Outside a Manhattan Trader Joe’s, every day is SPA day, as residents take amusing action against those who line up outside their building, hours early, talking on their cell phones (The New York Times). There’s an Instagram account.

[SPA: my acronym for “sparring passive-aggressively,” as when encountering shoppers who wear no masks and pay no attention to one-way aisles or social distancing. For me, shopping is now SPA day.]

An EXchange name sighting


[Pitfall (dir. Andre de Toth, 1948). Click for a larger telegram.]

Mona Stevens needs help. But has she given her real number? I can find no evidence that GRiffith was ever a Los Angeles County exchange.

I think that an exchange name in a telegram counts as a dowdy-world twofer.

More EXchange names on screen
Act of Violence : The Amazing Dr. Clitterhouse : Armored Car Robbery : Baby Face : Blast of Silence : The Blue Dahlia : Blue Gardenia : Boardwalk Empire : Born Yesterday : The Brasher Doubloon : The Brothers Rico : Chinatown : Danger Zone : The Dark Corner : Dark Passage : Deception : Deux hommes dans Manhattan : Dick Tracy’s Deception : Down Three Dark Streets : Dream House : East Side, West Side : Fallen Angel : Framed : The Little Giant : The Man Who Cheated Himself : Modern Marvels : Murder by Contract : Murder, My Sweet : My Week with Marilyn : Naked City (1) : Naked City (2) : Naked City (3) : Naked City (4) : Naked City (5) : Naked City (6) : Naked City (7) : Nightfall : Nightmare Alley : Out of the Past : Perry Mason : The Public Enemy : Railroaded! : Red Light : Side Street : The Slender Thread : Stage Fright : Sweet Smell of Success : Tension : This Gun for Hire : Whatever Happened to Baby Jane?

Nancy meta


[Nancy, July 9, 2020.]

Today’s Nancy turns meta in this second panel, as Aunt Fritzi begins to tell her niece “the story this tree trunk tells.” It’s worth clicking through to see the snapper. If you’re like me, or me, you’ll have to look closely to see it.

Related reading
All OCA Nancy posts (Pinboard)

[“Snapper”: Ernie Bushmiller’s name for the gag that comes in a Nancy strip’s final panel.]

Wednesday, July 8, 2020

Florence Price’s “Adoration”


Augustin Hadelich at the piano, with thirty-seven other musicians, performing Florence Price’s “Adoration.” It’s a piece for organ, arranged for violin and piano by our household’s composer and arranger Elaine Fine.

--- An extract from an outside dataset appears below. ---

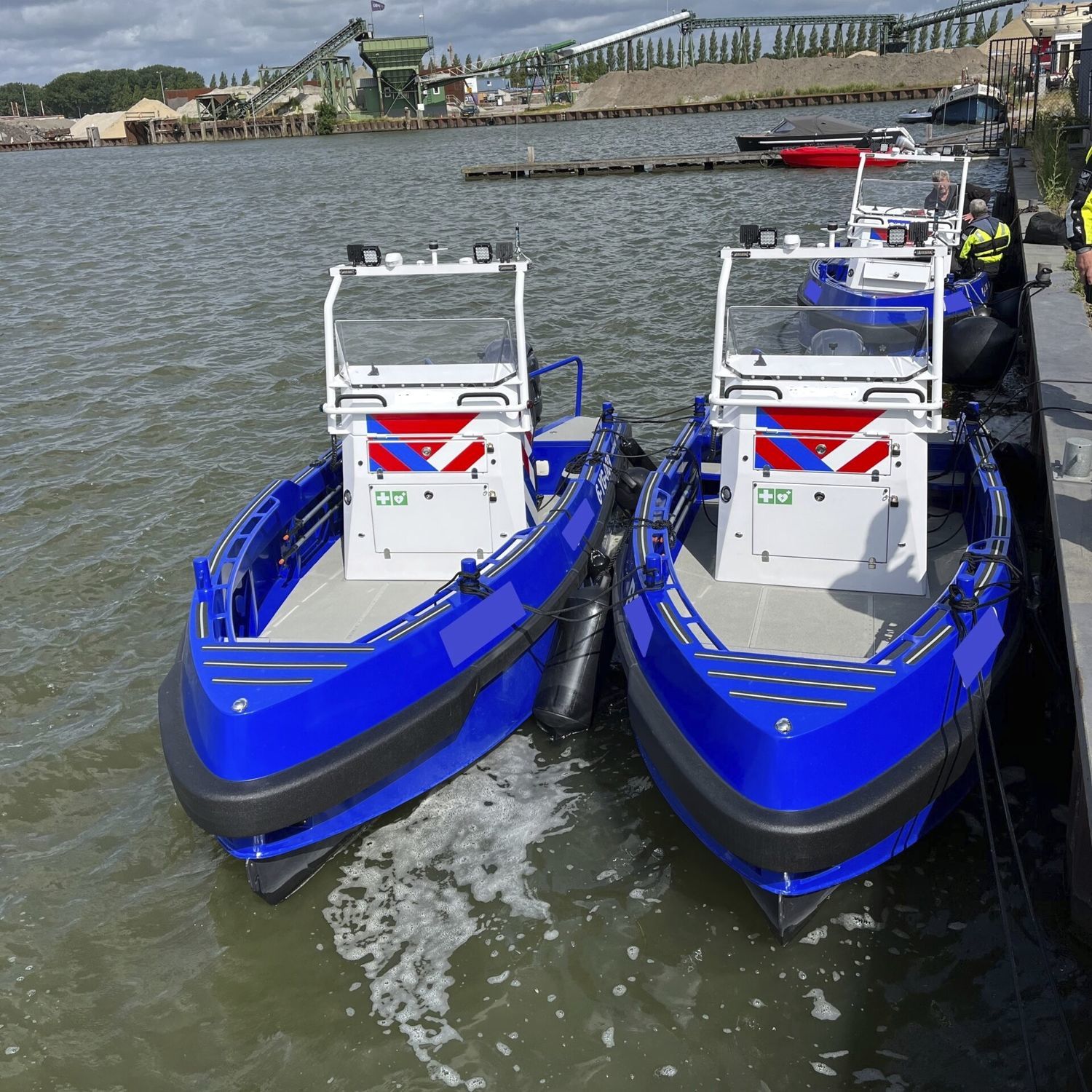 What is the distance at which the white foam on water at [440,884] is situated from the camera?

It’s a beautiful project. My response to these performances in this year of sorrows is beyond words.

“The usual thing”


Erich Kästner, Going to the Dogs: The Story of a Moralist. 1931. Trans. from the German by Cyrus Brooks (New York: New York Review Books, 2012).

Another NYRB rediscovery, highly recommended. The waning years of Weimar Germany: dance-halls, sex, political violence, unemployment, and a moment of crucial decision.

The Nazis were to burn Kästner’s books. A post-war work: Das doppelte Lottchen (1949), known in translation as Lottie and Lisa. It’s the basis for the 1961 movie The Parent Trap and later PT movies.

109 is the new 79

Elaine and I began our Great Pause on March 14. I’ve been keeping track of the days like so:

18 days (March) + 30 (April) + 31 (May) = 79.

And now 30 more (June) = 109. So I add the day’s date to 109. Today is day 117.

Reader, are you tracking time in this way?